Twenty-five years ago, training of officers consisted of a four-day stint at the Federal Judicial Center after almost a year of on-the-job training. Today officers attend a national training academy with comprehensive instruction in all areas of their role and function. Twenty-five years ago, personal safety consisted of the warning to be careful, go in pairs, and use common sense. There was no training in safety techniques, and officers relied on their own wits and good sense. Today, officers receive extensive training in awareness, typologies, and environment and are given the tools to ensure their safety. Twenty-five years ago, pretrial services reports were hand written (like notes to the judge), with no copies for the prosecutor or defense counsel, and with recommendations based largely on intuition and (at best) some experience.
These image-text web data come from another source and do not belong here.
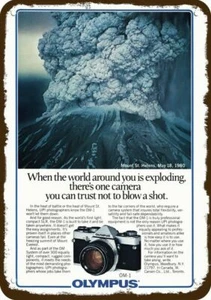 1980 OLYMPUS OM-1 CAMERA & MT. ST. HELENS ERUPTS Vintage Look DECORATIVE METAL S - Picture 1 of 1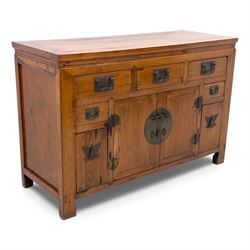Late 20th-century Thai elm sideboard fitted with an arrangement of three drawers over a ce...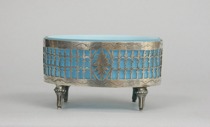 Appraisal: European Silver Footed Container with Glass Insert Pierced oval container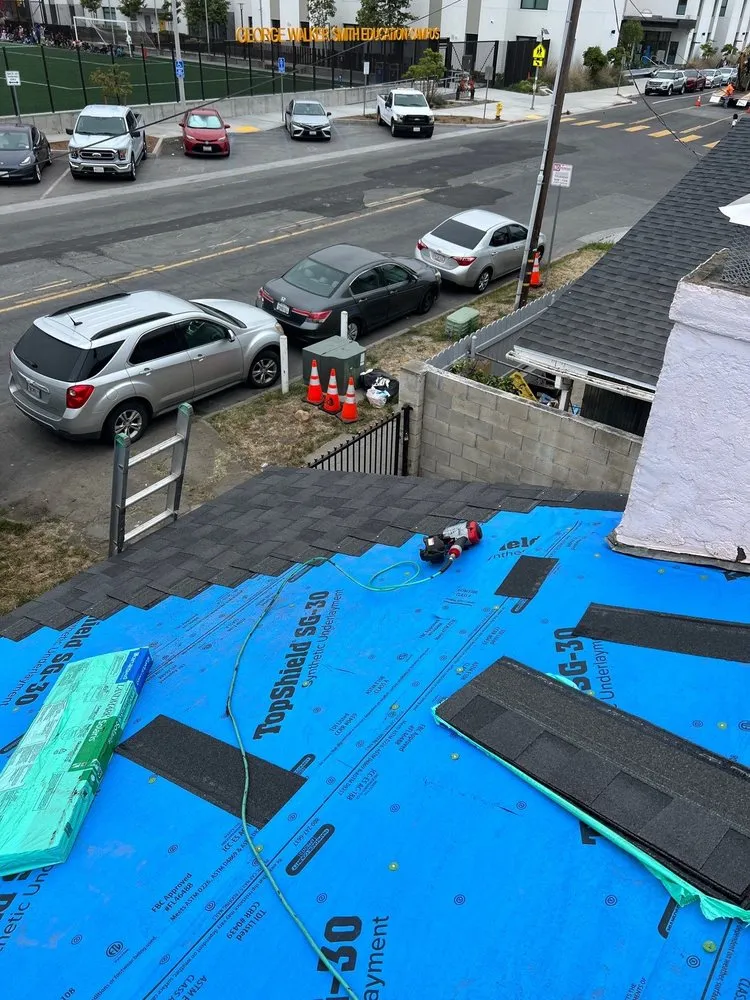 Slide of Leon K Miller Roofing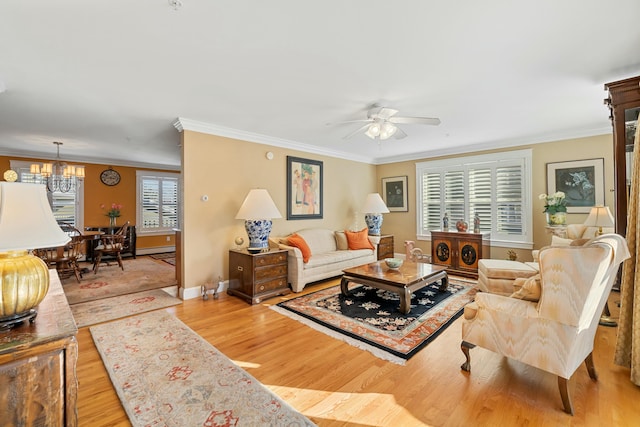 living room with light hardwood / wood-style flooring, a wealth of natural light, and crown molding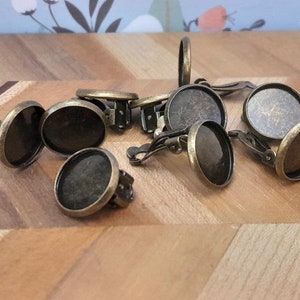 May include: A group of 10 antique gold-toned metal earring settings with round glass cabochons. The settings have a clip-on closure.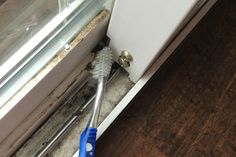 a person holding a toothbrush in front of a window with water damage on it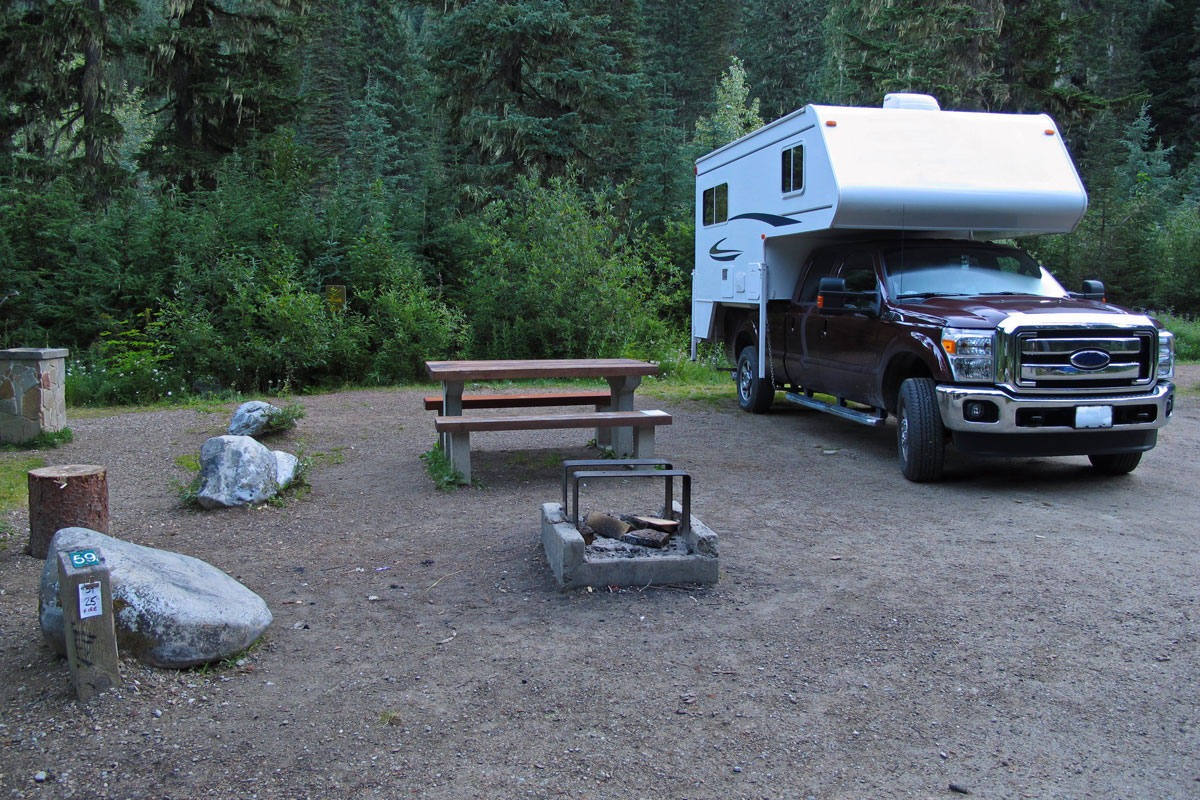 A small camping area with a truck camper parked on the back
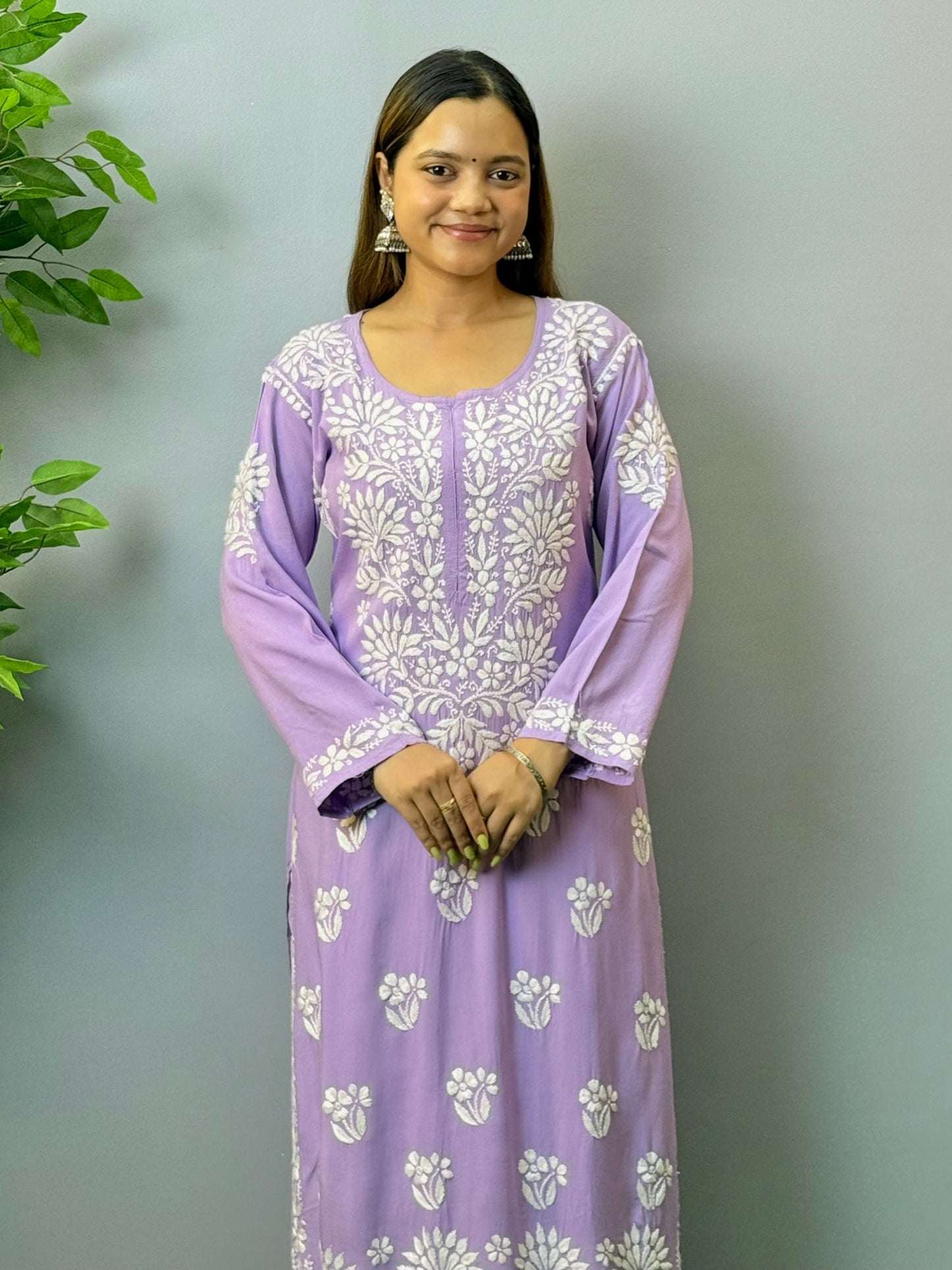 Woman wearing orchid purple rayon chikankari kurta with white embroidery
Today these investigations are increasingly solidly based on available technological resources and proven data with recommendations that rely on evidence-based information.

The goal of pretrial services remains the same as it was 25 years ago—to provide judicial officers with a mechanism to support their release/detention decisions and to ensure that these decisions do not place anyone in the community in danger. The tools have greatly improved over time. The policy issues remain the same. One suspects that 25 years from now, at the 50th anniversary of the Pretrial Services Act of 1982, twice as much will have changed but the fundamental goal will have survived.